To persist quotas across failovers, the Master should save them in the registry. To support this, we shall:
- Introduce a Quota state variable in registry.proto;
- Extend the Operation interface so that it supports a ‘Quota’ accumulator (see src/master/registrar.hpp);
- Introduce AddQuota / RemoveQuota operations;
- Recover quotas from the registry on failover to the Master’s internal::master::Role struct;
- Extend RegistrarTest with quota-specific tests.
NOTE: Registry variable can be rather big for production clusters (see
MESOS-2075). While it should be fine for MVP to add quota information to registry, we should consider storing Quota separately, as this does not need to be in sync with slaves update. However, currently adding more variable is not supported by the registrar.
While the Agents are reregistering (note they may fail to do so), the information about what part of the quota is allocated is only partially available to the Master. In other words, the state of the quota allocation is reconstructed as Agents reregister. During this period, some roles may be under quota from the perspective of the newly elected Master.
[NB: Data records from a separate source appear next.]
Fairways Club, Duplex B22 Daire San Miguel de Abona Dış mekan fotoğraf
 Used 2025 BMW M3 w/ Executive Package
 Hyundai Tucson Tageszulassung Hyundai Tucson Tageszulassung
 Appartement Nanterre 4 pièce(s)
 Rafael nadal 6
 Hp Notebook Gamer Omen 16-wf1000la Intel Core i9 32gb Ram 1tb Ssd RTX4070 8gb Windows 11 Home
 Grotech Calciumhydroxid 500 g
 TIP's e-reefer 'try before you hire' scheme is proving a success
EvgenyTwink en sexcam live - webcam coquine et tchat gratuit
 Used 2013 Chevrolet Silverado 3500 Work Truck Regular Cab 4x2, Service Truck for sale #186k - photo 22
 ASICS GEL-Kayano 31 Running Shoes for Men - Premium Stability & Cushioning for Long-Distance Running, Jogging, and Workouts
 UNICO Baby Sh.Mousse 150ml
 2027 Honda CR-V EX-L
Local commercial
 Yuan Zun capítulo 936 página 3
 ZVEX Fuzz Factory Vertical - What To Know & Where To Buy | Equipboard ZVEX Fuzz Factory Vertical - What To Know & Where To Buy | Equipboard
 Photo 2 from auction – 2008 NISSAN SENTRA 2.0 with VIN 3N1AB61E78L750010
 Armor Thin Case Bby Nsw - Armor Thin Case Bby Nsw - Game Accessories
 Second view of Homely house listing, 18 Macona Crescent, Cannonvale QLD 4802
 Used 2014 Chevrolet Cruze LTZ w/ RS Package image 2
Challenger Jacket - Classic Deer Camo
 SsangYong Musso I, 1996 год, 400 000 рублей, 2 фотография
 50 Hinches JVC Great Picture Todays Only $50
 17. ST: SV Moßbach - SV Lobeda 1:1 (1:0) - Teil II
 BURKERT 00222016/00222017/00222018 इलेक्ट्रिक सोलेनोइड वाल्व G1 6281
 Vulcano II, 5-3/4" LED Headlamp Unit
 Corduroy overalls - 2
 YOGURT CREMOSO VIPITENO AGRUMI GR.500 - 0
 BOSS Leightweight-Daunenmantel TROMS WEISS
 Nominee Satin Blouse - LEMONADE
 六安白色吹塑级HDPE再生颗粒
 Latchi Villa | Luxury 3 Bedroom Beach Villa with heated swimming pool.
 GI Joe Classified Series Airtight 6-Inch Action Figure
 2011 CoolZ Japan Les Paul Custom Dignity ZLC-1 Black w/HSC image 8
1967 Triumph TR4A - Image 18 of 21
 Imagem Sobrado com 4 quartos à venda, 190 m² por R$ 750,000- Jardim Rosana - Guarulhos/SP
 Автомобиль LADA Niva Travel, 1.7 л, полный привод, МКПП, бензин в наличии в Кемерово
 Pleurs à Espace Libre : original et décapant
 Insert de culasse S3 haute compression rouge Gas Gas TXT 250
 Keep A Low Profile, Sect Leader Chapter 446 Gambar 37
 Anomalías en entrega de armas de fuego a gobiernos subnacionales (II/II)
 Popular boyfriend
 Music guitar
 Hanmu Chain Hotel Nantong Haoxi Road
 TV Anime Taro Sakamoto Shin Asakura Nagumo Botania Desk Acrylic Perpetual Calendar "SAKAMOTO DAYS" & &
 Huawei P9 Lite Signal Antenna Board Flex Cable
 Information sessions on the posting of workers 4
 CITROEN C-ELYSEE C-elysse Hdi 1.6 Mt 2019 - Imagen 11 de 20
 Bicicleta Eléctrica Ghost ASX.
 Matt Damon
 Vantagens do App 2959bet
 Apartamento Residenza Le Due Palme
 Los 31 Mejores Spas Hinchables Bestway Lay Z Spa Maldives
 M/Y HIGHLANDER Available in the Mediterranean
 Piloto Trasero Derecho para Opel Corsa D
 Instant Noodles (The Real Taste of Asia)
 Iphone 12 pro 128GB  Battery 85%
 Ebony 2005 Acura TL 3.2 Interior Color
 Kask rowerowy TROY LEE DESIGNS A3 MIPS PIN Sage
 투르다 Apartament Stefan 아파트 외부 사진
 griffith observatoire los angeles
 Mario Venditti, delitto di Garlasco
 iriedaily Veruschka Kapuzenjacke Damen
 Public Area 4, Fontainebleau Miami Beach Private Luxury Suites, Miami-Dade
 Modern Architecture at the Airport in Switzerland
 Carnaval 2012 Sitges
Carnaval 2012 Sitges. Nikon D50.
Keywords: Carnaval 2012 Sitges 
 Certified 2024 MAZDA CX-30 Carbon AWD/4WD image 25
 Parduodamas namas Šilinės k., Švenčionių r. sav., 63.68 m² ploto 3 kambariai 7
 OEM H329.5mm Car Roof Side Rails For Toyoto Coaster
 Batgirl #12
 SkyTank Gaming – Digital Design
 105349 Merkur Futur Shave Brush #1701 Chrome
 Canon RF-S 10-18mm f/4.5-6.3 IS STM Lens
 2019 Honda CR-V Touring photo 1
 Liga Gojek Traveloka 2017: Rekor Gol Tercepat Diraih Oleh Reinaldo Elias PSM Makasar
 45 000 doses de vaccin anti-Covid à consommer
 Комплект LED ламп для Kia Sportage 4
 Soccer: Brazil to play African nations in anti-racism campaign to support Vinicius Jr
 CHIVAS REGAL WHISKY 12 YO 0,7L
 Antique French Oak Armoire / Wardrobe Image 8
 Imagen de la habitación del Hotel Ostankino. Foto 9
The same problem exists on the allocator side: it may think the cluster is under quota and may eagerly try to satisfy quotas before enough Agents reregister, which may result in resources being allocated to frameworks beyond their quota. To address this issue and also to avoid panicking and generating under quota alerts, the Master should give a certain amount of time for the majority (e.g. 80%) of the Agents to reregister before reporting any quota status and notifying the allocator about granted quotas.